WHAT TO PRODUCE - Restate, word for word, the run of lines that starts at the line containing "İstanbul Teknik Üniversitesi" and ends with the final line of the listing. Leave pictures out.

MATERIAL FOR THIS TASK -
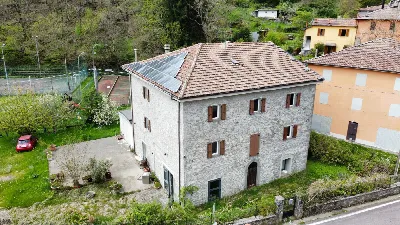 Rustico/Casale in vendita a Alto Reno Term... - foto 7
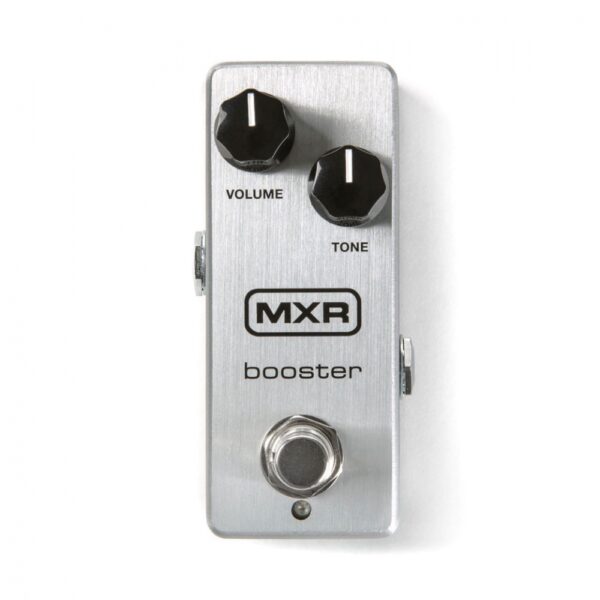 MXR M293 Booster Mini Πετάλι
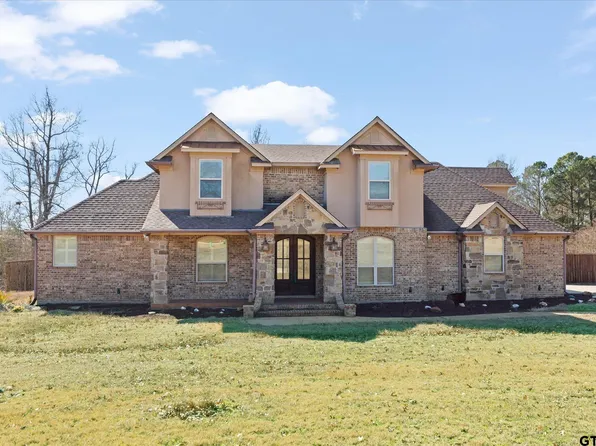 770 Dennard St, Longview, TX 75605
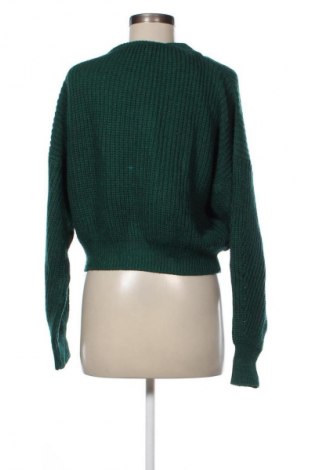 Damenpullover Unbranded, Größe M, Farbe Grün, Preis € 10,99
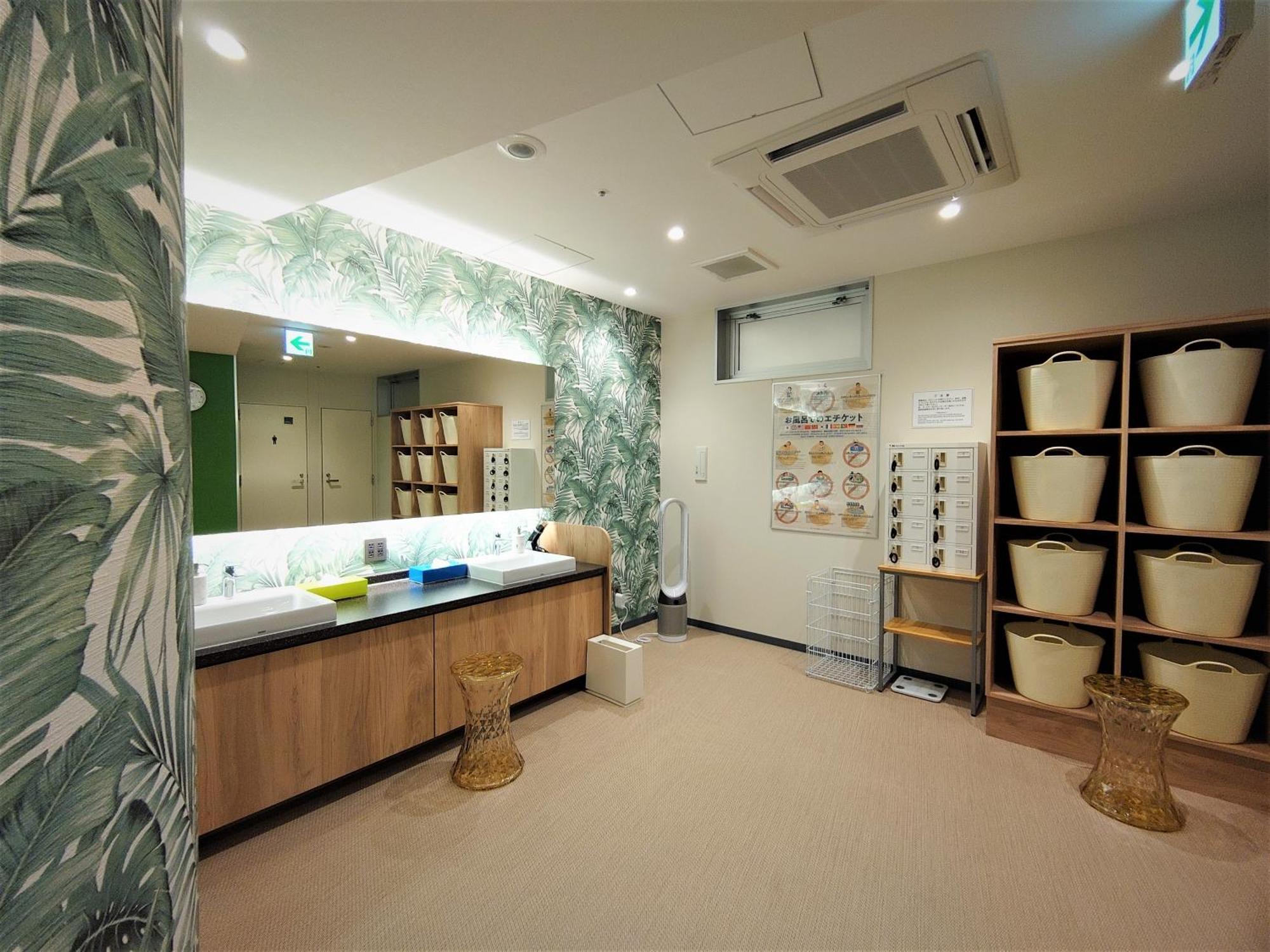 宫崎橘通2号格林里奇酒店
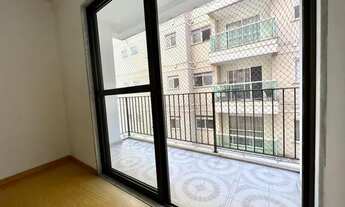 Imagem 3: Apartamento com 2 quartos à venda, 60 m² por R$ 280.000 - Ermitage - Teresópolis/RJ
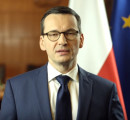 “Europe at a historic turning point”: Prime Minister Mateusz Morawiecki on the future of Europe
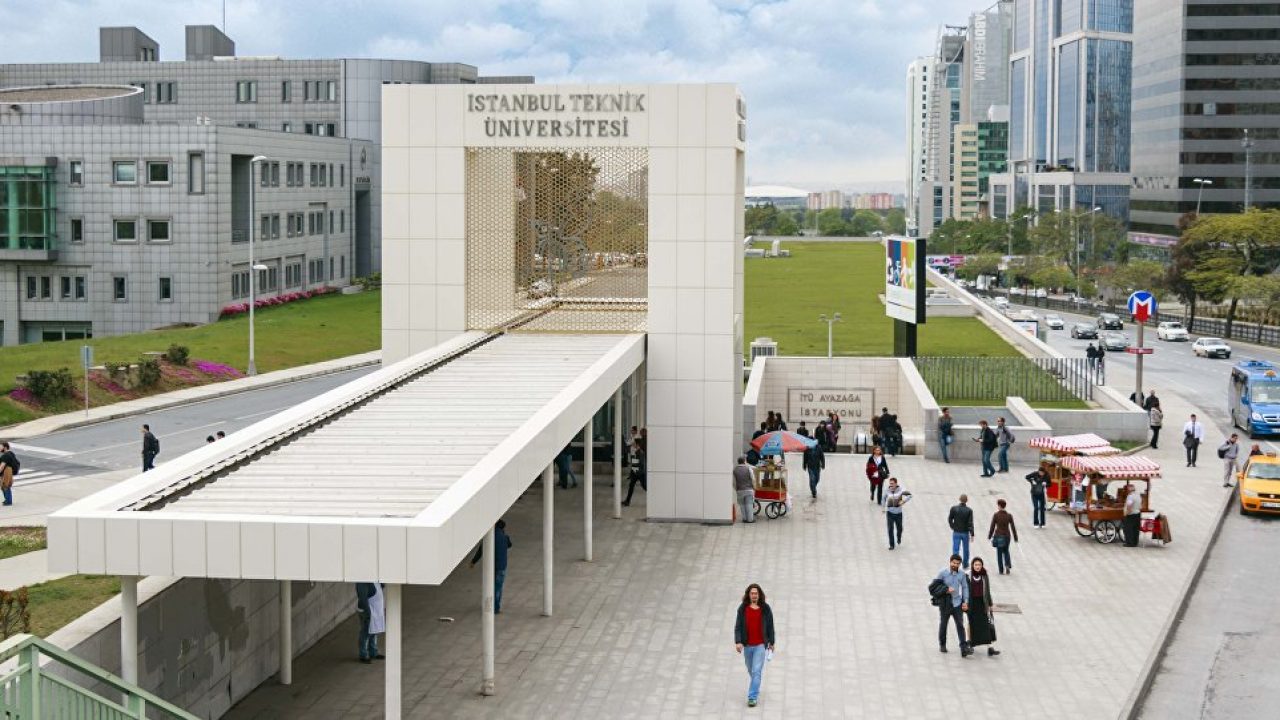 İstanbul Teknik Üniversitesi 44 Akademisyen Alımı Yapıyor!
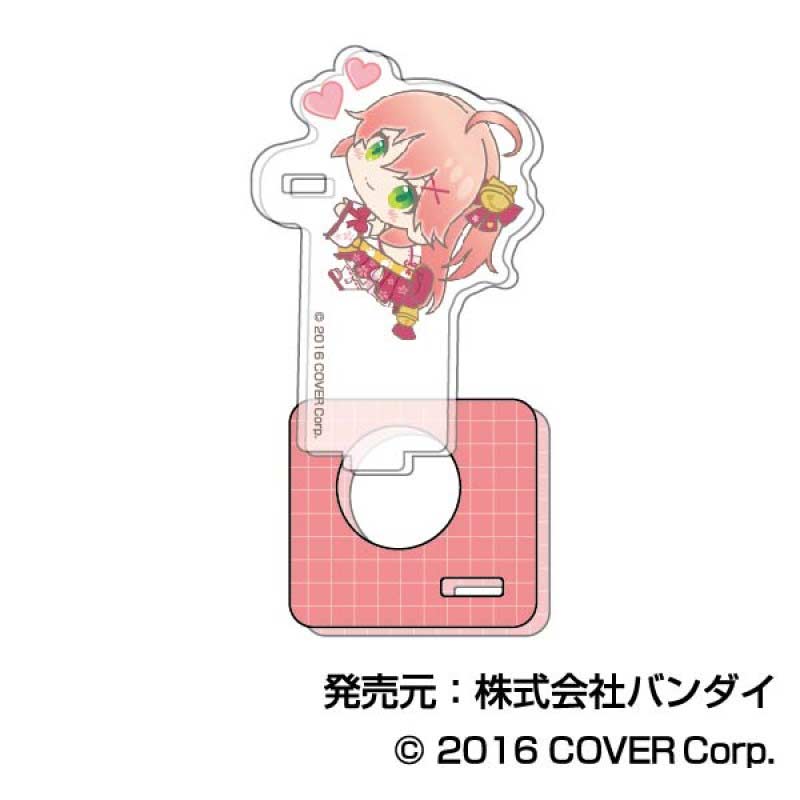 (PO) Petit-hug Stand Hololive Hug Meets A Box [BOX] Image_5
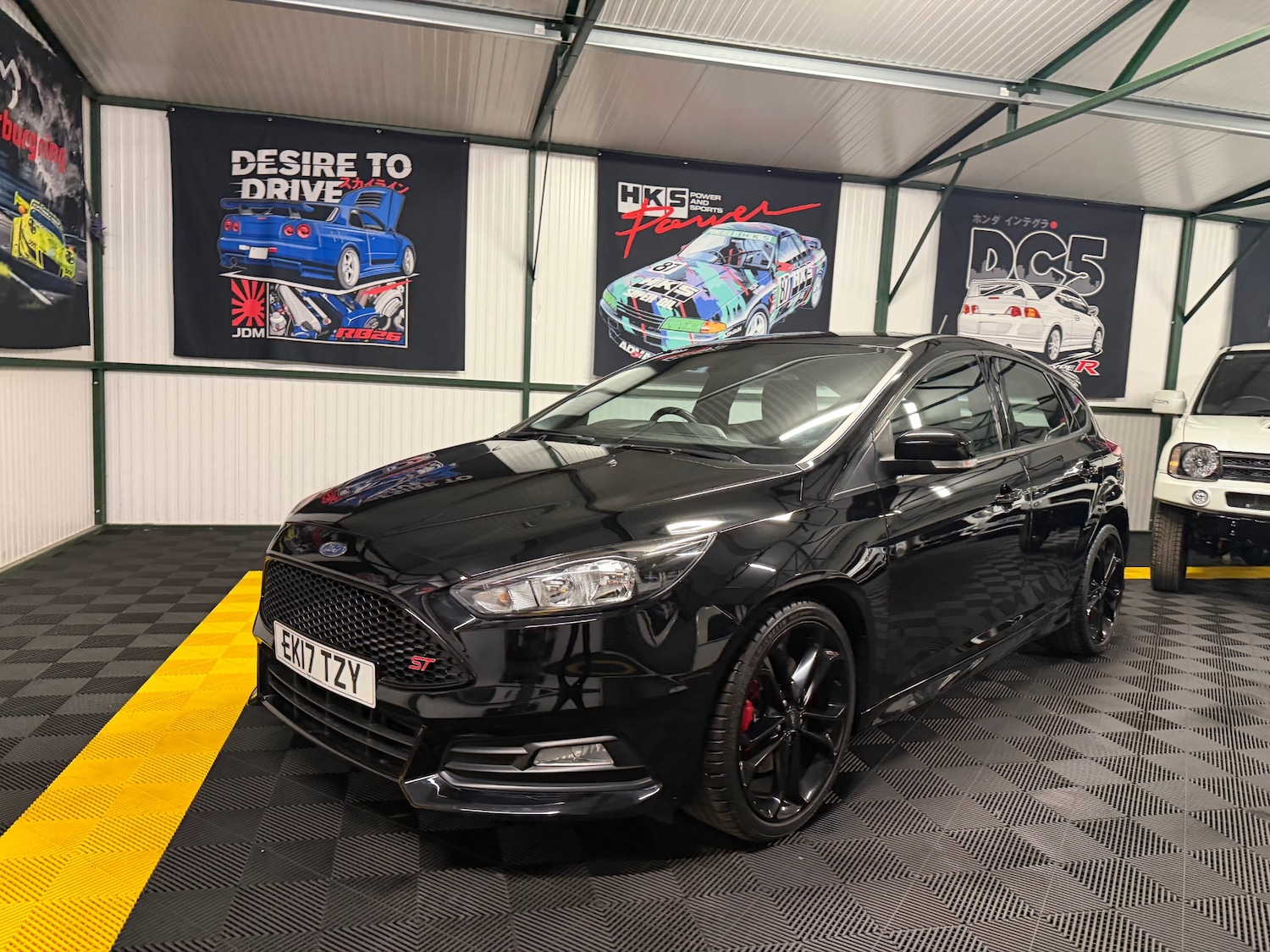 Used Ford Focus 2017 for sale - 78062364: Photo 28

RESPONSE TO THIS TASK -
 İstanbul Teknik Üniversitesi 44 Akademisyen Alımı Yapıyor!
 (PO) Petit-hug Stand Hololive Hug Meets A Box [BOX] Image_5
 Used Ford Focus 2017 for sale - 78062364: Photo 28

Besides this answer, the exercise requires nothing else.